Sie sind seit 31 Jahren im internationalen Kontakt mit Projektverantwortlichen: Wie waren ihre Erfahrungen, als Frau aus Deutschland in einer vielleicht eher patriarchalisch geprägten Kultur zu verhandeln, zu vernetzen, zu kommunizieren?
Barbara Schirmel: Diese Frage ist nicht leicht zu beantworten, denn ich komme ja nicht nur als „Frau“ nach Afrika oder Lateinamerika. Ich gehöre ja gleichzeitig durch meine Herkunft, meine Hautfarbe und meine Bildung einer privilegierten Gruppe der Menschheit an, was natürlich (auch wenn ich das nicht möchte) Diskussionen und Verhandlungen beeinflusst. Außerdem bin ich ja auch die Vertreterin einer Geberorganisation, von der die lokale Organisation unter Umständen abhängig ist. Das bringt ein zusätzliches Ungleichgewicht in den Austausch mit den Menschen vor Ort.
In fast allen Ländern, in denen Misereor Projekte fördert, ist zwar eine europäische Sprache eine sogenannte „Verkehrssprache“, die es uns ermöglicht, vor Ort mit Partnerorganisationen zu kommunizieren. Die allermeisten Menschen, die an den Projekten beteiligt sind, sprechen lokale Sprachen. Das erschwert oft den direkten Austausch beziehungsweise ist immer von Dolmetscher*innen abhängig.
Auf meiner ersten Dienstreise 1993 nach Mali habe ich mit den Männern des Dorfes gegessen, obwohl ich eine Frau war, nur wegen meiner Hautfarbe und meiner Herkunft. Die Frauen des Dorfes haben hinterher die Reste in einer Hütte gegessen. Beim Rundgang durch das Dorf ist eine Frau auf mich zugegangen – sie wird nicht viel älter als ich gewesen sein, sah aber schon sehr abgearbeitet aus – und hat meine Handfläche neben ihre gehalten. Meine war glatt, ihre voller Schwielen von harter körperlicher
Arbeit. Diese Begebenheit zeigt sehr deutlich wie unterschiedlich unsere Lebensverhältnisse sind. Ich spüre aber auch viel Verbundenheit, gerade mit den Frauen in unseren Projekten, selbst wenn wir nicht dieselbe Sprache sprechen: Diese äußert sich dann durch Gesten, Lachen und körperliche Berührung.

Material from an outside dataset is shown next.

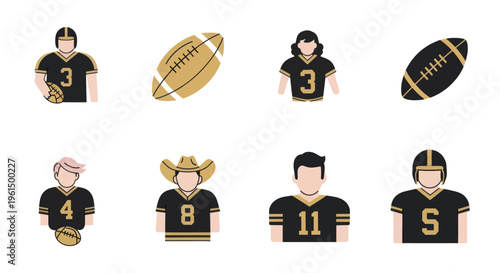 Set of American football players and footballs in flat design, male and female sports avatars in black and gold uniforms, perfect for sports or team illustrations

Was können wir tun, um uns weltweit für mehr Gleichberechtigung der Geschlechter einzusetzen?
Barbara Schirmel: Es fängt in den eigenen Familien klein an: Wie gehe ich mit meinen Söhnen und Töchtern um? Was vermittele ich ihnen? Welche Haltung habe ich gegenüber Menschen, die anders sind als ich?
Auch bei uns sind wir noch weit von echter Geschlechtergerechtigkeit entfernt: Wir können uns einsetzen, dass die Belange von Frauen mehr berücksichtigt werden. Wir leben in einem Land, in dem wir unsere Meinung öffentlich kundtun dürfen: Also lasst uns aktiv zum Beispiel Frauen aus dem Iran unterstützen, wenn sie demonstrieren, und uns an ihre Seite stellen. Damit meine ich nicht nur uns Frauen, sondern auch die Männer.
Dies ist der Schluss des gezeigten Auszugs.